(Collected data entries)

━━━━━━

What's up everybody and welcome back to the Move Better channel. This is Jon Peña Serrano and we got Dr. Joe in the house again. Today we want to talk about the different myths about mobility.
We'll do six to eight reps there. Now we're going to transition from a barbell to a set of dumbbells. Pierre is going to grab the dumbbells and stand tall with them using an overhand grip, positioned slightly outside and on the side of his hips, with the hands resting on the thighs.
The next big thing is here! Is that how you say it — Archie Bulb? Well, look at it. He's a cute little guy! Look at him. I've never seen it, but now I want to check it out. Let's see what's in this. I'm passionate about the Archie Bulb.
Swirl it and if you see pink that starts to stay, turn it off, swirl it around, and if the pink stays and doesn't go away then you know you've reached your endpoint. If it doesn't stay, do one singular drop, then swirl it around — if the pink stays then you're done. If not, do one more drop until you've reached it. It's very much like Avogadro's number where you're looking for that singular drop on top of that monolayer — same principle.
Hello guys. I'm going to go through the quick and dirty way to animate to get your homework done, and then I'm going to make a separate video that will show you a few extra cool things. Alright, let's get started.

━━━━━━

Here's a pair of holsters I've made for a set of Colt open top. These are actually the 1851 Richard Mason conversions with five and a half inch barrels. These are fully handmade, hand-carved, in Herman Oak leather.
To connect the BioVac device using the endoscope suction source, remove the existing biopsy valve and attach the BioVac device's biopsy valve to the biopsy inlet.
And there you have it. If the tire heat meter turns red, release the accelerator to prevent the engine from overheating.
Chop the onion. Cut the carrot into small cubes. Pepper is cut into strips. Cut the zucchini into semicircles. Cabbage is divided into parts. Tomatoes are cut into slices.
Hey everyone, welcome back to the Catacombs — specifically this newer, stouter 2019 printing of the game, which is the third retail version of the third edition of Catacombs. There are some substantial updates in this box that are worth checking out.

━━━━━━

_PROBLEM REQUIREMENTS_.
Which lines above contain "back"? Show each of them.

_TASK SOLUTION_.
What's up everybody and welcome back to the Move Better channel. This is Jon Peña Serrano and we got Dr. Joe in the house again. Today we want to talk about the different myths about mobility.
Hey everyone, welcome back to the Catacombs — specifically this newer, stouter 2019 printing of the game, which is the third retail version of the third edition of Catacombs. There are some substantial updates in this box that are worth checking out.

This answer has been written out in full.